Had a look at the details of my most recent Cingular bill and was amazed at the amount of things considered taxes, surcharges, etc. It’s a stretch to regard regulatory fees for operating your business as a special tax. What blows my mind is that Cingular is passing through their Washington State “B and O” tax that are assessed to the BUSINESS and making it sound like some regulatory surcharge. The “B and O” surcharge. The Washington State “B and O” charge is the “Business and Occupation” tax; Washington state has NO income tax (business or personal) and the B and O is really just a unique “income” tax for business (based on gross receipts).

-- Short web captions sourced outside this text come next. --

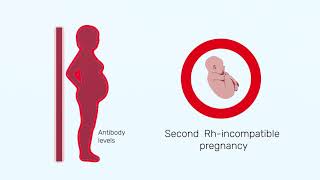 How Rh factor affects a pregnancy [upl. by Lory669]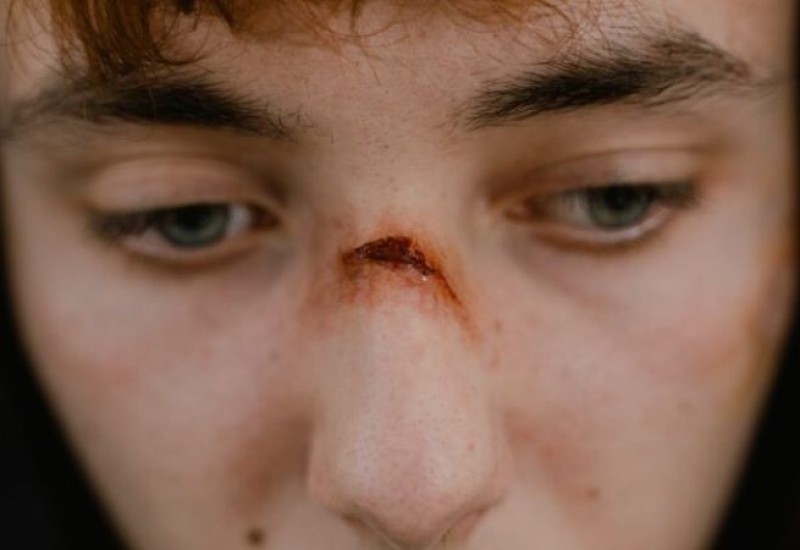 Evo zašto ranu ne treba ispirati ALKOHOLOM, cijeli život pravimo ovu GREŠKU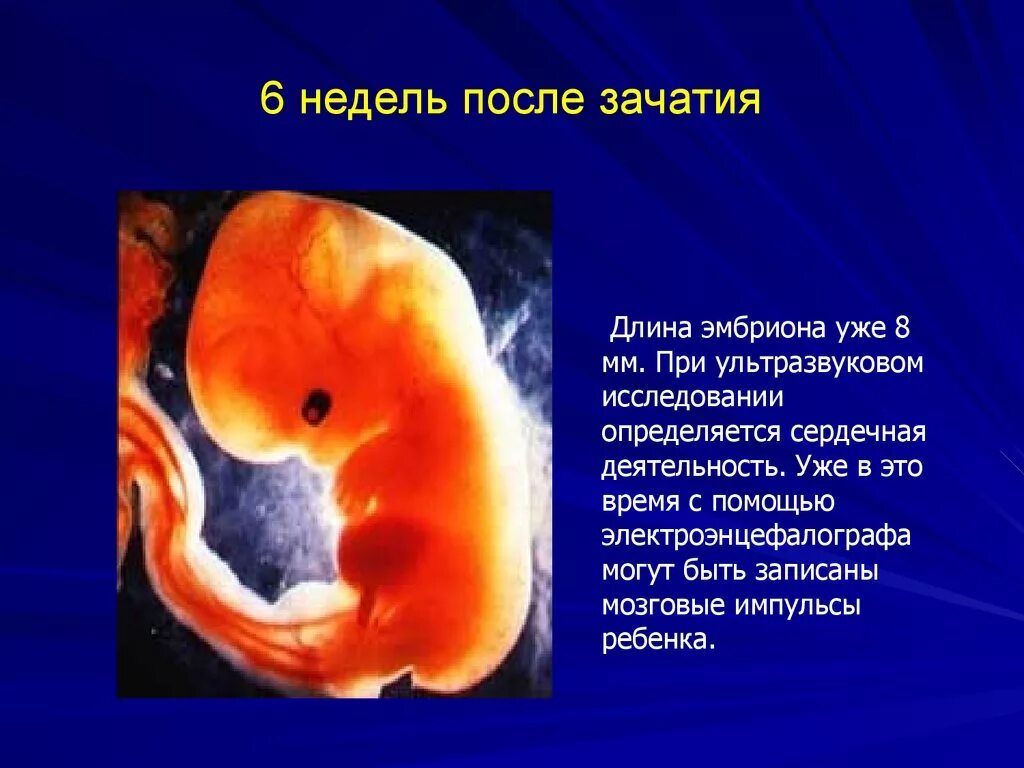 Про 6 неделю. Размер эмбриона в 6 недель акушерских. Плод 5-6 недели беременности размер плода. Эмбрион 5-6 недели беременности в животе. Плод на 5 недель 6 дней беременности эмбрион.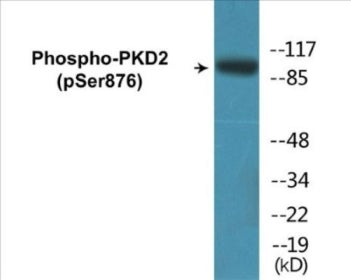 Phospho-PKD2 (Ser876) Colorimetric Cell-Based ELISA Kit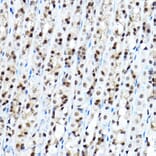 Immunohistochemistry - Anti-FOXA1 Antibody (A90429) - Antibodies.com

In other words, in Washington, B and O is rougly equivalent in practice to corporate income tax.

So, here is a company passing through the cost of operating their business (renting airwaves) AND their taxes (B and O) and we have no choice but to accept this deceptive pricing scheme because of the oligopoly of mobile carriers.

Consider this: Would Amazon.com be in business today if when ordering, customers were to have the following “taxes” added to their orders?

USD 01.25 Sales Tax (1.5%) (yeah… ok, I get this)
USD 02.25 Amazon Utility Manddatory Surcharges (water, electric, and coffee delivery service to headquarters)
USD 01.72 Regulatory and Compliance Surcharge (we don’t want to pay taxes so we’ll pass our tax bill on to you so our prices look lower)

What is the net net? Companies that have to actually compete can’t get away with crappy, deceptive pricing and billing. Companies that don’t, do not (usually).

Ingres screws up their open source license, again!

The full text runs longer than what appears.